The Government and the Labour Party buried their differences and pledged to work together to rebuild Christchurch after Parliament today passed legislation granting unprecedented powers to authorities responsible for getting the job done.

Ministers and the Canterbury Earthquake Recovery Authority will be able to cut through laws that would hold up the rebuild and make decisions about the future of homes and buildings.

With powers that have been described as "wartime", they can compulsorily purchase properties and decide the future viability of streets and suburbs.

Earthquake Recovery Minister Gerry Brownlee clashed with Labour earlier today over the way amendments to the bill had been drafted at the last minute and passed under urgency without the usual amount of close scrutiny.

Most of more than 30 changes to the bill were the result of a rushed select committee hearing in Christchurch yesterday, and most of them dealt with arrangements for consultation and compensation.

"I want to express my great confidence that we will emerge from this event a very, very strong city and we will have a CBD that will be one of the safest places in the southern hemisphere to live," Mr Brownlee said during the third reading debate on the bill.

"While we can have a bit of acrimony about process, going forward we do need a lot more unity and it is my intention to engage properly in the cross-party forum."

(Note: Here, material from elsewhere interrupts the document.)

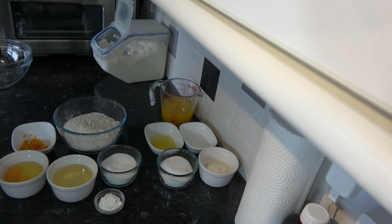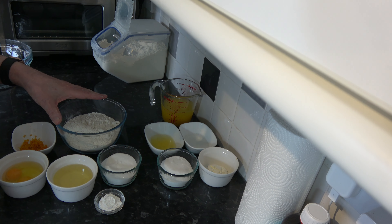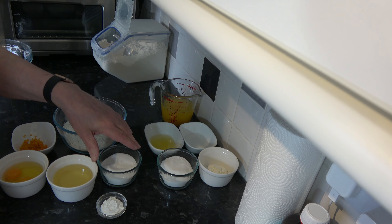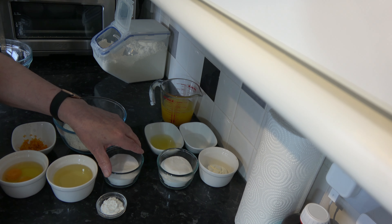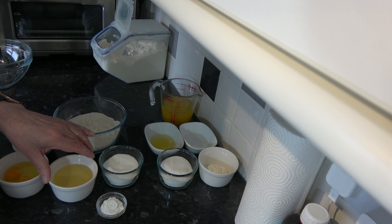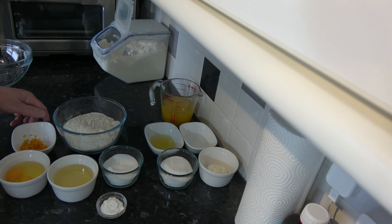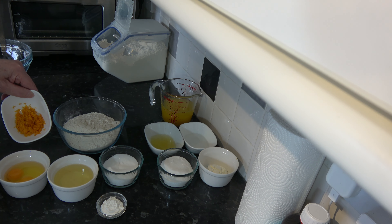For the pastry I have 300 grams, which is two cups of plain flour - that's based on scooping packed flour into a 250 millilitre cup. I have eight grams, two teaspoons of baking powder. I have 100 grams, half a cup of caster sugar, 100 grams, seven tablespoons of flavourless oil, two medium eggs (large in the USA), and the zest from two oranges.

Mr Brownlee gave a commitment that the community forum which will be set up to consult with authorities would be truly representative, and would be listened to.

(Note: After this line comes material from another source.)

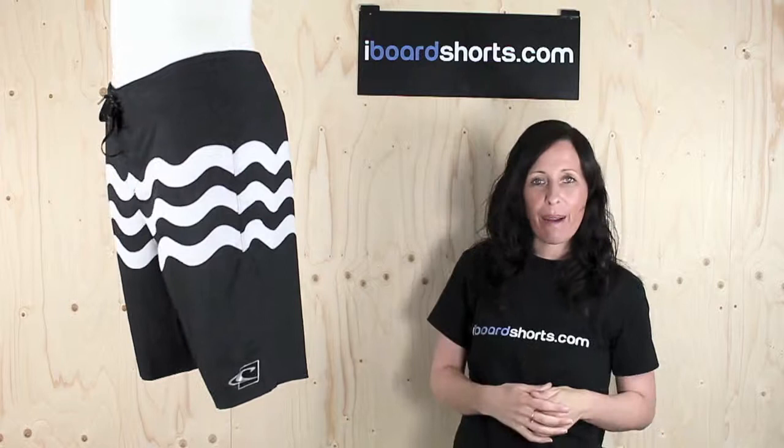Hi there, I'm Tammy at iBoardShorts and here I have another great looking pair of oldies from O'Neill. These are the Geordie Freaks — the Geordie Smith Signature Board Shorts for 2014.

Labour's earthquake recovery spokesman, Clayton Cosgrove, said Labour's commitment to working with the Government had been sorely tested.

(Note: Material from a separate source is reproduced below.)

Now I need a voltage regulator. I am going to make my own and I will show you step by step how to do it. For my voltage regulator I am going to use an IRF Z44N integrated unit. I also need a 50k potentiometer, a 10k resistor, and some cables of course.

"We want the best outcome for Cantabrians and despite our grave concerns, we will continue to work with the Government to try to make this legislation work for the good of all our communities," he said.

The Green Party voted against the bill because it believes the powers granted under it are too strong.

"An extraordinary event doesn't require extraordinary powers," said MP Kennedy Graham.

"It requires extraordinary effort and commitment."

Mr Graham said Parliament needed two weeks to debate the legislation properly.

Parliament's two independent MPs, Chris Carter and Hone Harawira, also opposed it and the the Canterbury Earthquake Recovery Bill was passed by 109 votes to 11.